Elected and high government officials in the Trump administration attack judges constantly, on a personal level, thus encouraging members of the public to do the same.1 Social media rewards hostility and conflict and amplifies these attacks. Americans’ confidence in the judicial system has plummeted in recent years.2 Death threats against judges have become commonplace.3 What do about this? I have a suggestion that is easy to state but hard to do: stand up for judges.
When I say, “stand up for judges,” I mean that we should describe judges to others as nonpartisan public servants who are doing their best to decide cases under the law and the facts. For example: I believe that nearly all judges serving today, in federal and state court, are nonpartisan and independent. They value the goal of nonpartisan and independent judgment. They are not a blank slate with no views about how the world works, but they are trying to be open to logic, argument, and evidence. They want to use these tools to decide cases because that’s what justice requires and they assume that everyone will be better off if they do.
When the President and his administration denounce judges as deranged, radical, and dangerous, it hard to resist the urge to argue that all of these words apply better to him. But the goal is to persuade, not vent, and so I go back to advice I have given when teaching law firm classes on effective brief writing. When thinking about a target audience for advocacy, we should aim for the skeptical but persuadable person. Those who already agree, and those who never will, are not the target audience. In this context, the person we want to reach, directly or indirectly, is someone who thinks that maybe judges really are deciding cases on a partisan or political basis, but does not have a strong opinion one way or the other.
For highly-engaged followers of current events (aka the likely audience for this post), this target person may seem imaginary.
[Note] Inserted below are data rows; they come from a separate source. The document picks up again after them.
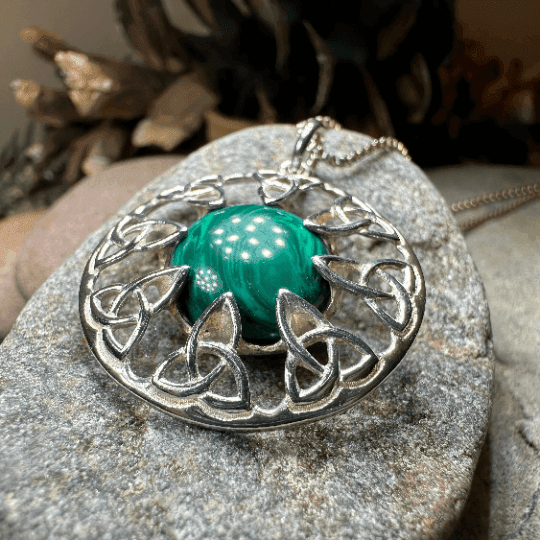 Trinity Knot Malachite Necklace - 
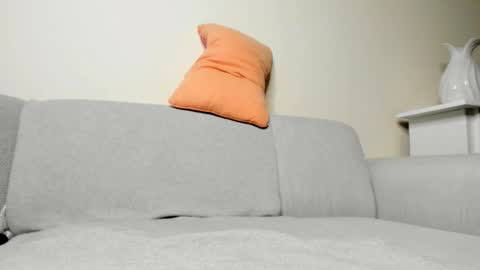 Ariana  Steven online show from September 26, 6:05 pm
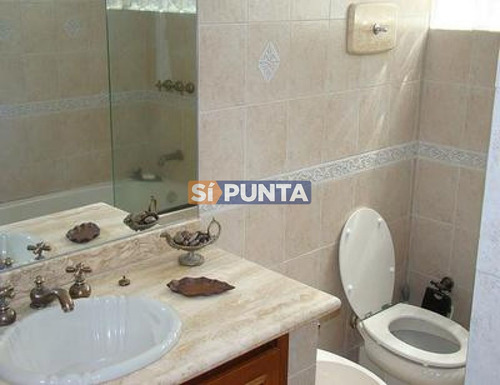 Imagen 5 de 9 de Casa En Alquiler, Playa Mansa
But I suspect that most people have almost no idea what judges do, or at an even more basic level, why judges should not advance the objectives of one political party or leader. After all, they might say, if one political party has better values than the other, then society will be better served by implementing that party’s agenda. The problem with that idea is that partisan ideology is unrepresentative and implementing it would amount to minority rule. The compromises that produce law are more representative and more stable. That all may sound abstract, but the difference between rule of law and rule of leaders is stark.
When I was in law school, Justice Kennedy gave a lecture describing what it looks like when the erosion of judicial independence hits rock bottom and there’s nothing left but political power. He told a story about judges in Russia. When judges there needed to decide a case, he explained, a party boss might call them and tell them how to rule, which was “telephone justice.” In his telling, the Russian judges incredulously asked their American visitors, “You don’t have telephone justice in your country?”4 We do not. Telephone justice is the end stage of partisan control over the judiciary.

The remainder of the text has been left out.